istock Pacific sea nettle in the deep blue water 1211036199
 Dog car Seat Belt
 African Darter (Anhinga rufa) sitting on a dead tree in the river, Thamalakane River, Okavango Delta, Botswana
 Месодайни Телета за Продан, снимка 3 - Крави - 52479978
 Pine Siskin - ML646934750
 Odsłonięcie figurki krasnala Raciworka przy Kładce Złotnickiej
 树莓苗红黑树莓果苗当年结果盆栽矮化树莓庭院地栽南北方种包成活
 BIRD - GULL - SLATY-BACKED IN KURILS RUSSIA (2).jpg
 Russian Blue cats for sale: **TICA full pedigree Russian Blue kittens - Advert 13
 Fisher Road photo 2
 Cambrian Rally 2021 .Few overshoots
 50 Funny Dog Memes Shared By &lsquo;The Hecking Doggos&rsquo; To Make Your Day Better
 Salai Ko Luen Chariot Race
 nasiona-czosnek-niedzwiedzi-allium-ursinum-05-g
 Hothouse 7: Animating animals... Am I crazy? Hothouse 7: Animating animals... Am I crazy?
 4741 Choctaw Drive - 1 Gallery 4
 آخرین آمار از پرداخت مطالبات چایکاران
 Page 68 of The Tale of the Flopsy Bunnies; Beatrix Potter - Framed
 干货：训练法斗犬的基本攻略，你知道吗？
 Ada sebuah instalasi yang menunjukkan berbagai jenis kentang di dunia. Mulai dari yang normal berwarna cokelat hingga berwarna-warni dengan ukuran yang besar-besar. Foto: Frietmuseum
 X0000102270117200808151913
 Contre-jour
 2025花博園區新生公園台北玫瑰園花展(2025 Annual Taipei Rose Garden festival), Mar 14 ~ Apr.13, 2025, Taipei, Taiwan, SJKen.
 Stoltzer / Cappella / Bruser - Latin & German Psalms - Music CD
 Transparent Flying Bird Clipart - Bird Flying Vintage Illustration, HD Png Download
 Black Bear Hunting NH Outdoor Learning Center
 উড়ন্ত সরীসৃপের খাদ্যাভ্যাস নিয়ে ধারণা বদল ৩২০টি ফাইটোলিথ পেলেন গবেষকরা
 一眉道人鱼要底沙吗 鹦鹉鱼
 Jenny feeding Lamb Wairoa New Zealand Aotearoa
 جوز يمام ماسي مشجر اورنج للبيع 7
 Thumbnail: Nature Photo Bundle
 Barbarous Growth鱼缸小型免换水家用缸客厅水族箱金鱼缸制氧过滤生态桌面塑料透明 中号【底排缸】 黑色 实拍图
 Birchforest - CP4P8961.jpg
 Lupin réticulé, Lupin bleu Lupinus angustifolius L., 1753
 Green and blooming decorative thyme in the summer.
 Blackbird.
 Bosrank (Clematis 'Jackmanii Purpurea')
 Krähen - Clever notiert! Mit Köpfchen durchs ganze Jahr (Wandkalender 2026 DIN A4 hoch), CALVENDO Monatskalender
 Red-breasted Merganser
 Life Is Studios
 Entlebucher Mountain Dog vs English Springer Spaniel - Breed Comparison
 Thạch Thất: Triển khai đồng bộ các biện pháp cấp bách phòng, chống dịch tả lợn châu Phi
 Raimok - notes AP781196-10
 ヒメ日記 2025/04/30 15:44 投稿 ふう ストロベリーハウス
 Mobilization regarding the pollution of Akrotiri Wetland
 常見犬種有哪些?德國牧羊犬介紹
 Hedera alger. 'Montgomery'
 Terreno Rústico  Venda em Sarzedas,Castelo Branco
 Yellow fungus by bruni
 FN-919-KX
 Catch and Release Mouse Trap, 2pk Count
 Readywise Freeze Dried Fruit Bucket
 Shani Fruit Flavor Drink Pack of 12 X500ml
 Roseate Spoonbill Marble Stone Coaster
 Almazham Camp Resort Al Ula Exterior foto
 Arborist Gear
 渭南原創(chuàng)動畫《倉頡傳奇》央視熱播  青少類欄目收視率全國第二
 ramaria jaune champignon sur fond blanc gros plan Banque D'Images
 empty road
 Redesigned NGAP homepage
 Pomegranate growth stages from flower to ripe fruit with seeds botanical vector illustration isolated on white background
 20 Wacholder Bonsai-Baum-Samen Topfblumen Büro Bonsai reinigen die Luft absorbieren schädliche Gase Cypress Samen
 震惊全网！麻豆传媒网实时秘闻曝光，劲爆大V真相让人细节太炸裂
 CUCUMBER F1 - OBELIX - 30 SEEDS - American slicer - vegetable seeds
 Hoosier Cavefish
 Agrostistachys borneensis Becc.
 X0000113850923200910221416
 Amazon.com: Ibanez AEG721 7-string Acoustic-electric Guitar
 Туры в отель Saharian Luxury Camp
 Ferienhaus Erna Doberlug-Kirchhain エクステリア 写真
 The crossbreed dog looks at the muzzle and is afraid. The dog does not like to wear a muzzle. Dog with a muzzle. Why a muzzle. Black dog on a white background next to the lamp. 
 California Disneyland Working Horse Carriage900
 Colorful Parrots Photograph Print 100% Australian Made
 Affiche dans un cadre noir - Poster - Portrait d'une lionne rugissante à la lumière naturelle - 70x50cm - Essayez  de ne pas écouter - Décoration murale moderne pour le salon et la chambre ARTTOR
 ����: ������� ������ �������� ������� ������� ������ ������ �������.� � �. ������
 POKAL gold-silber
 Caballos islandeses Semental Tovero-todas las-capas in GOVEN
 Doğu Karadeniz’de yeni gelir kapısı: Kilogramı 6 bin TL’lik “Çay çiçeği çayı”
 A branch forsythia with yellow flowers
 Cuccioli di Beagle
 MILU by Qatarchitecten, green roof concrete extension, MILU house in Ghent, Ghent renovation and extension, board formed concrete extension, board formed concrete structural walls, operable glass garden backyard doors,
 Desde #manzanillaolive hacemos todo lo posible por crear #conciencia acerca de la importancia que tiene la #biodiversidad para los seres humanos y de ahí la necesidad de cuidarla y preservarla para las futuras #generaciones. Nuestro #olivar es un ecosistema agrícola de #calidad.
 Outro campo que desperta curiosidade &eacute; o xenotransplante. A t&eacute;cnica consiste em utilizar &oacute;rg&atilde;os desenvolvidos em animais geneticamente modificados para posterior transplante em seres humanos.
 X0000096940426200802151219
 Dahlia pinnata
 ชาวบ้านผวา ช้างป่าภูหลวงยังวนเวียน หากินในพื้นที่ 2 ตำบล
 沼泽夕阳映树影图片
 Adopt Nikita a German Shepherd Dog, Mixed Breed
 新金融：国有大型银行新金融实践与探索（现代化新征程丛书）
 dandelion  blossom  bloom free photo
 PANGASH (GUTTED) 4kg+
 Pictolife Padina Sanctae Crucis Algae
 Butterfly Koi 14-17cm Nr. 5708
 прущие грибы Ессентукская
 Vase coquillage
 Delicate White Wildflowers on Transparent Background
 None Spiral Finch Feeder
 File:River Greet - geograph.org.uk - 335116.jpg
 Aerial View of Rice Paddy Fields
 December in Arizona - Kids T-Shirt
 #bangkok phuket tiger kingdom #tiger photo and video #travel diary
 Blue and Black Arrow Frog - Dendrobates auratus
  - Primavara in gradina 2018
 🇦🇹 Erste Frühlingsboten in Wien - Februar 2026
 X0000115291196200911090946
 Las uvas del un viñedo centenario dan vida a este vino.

§ ACTIVITY
Both end lines included, restate word for word the lines above from the line with "California Disneyland Working" to the line with "Cuccioli di Beagle", and nothing else.

§ EXERCISE RESPONSE
 California Disneyland Working Horse Carriage900
 Colorful Parrots Photograph Print 100% Australian Made
 Affiche dans un cadre noir - Poster - Portrait d'une lionne rugissante à la lumière naturelle - 70x50cm - Essayez  de ne pas écouter - Décoration murale moderne pour le salon et la chambre ARTTOR
 ����: ������� ������ �������� ������� ������� ������ ������ �������.� � �. ������
 POKAL gold-silber
 Caballos islandeses Semental Tovero-todas las-capas in GOVEN
 Doğu Karadeniz’de yeni gelir kapısı: Kilogramı 6 bin TL’lik “Çay çiçeği çayı”
 A branch forsythia with yellow flowers
 Cuccioli di Beagle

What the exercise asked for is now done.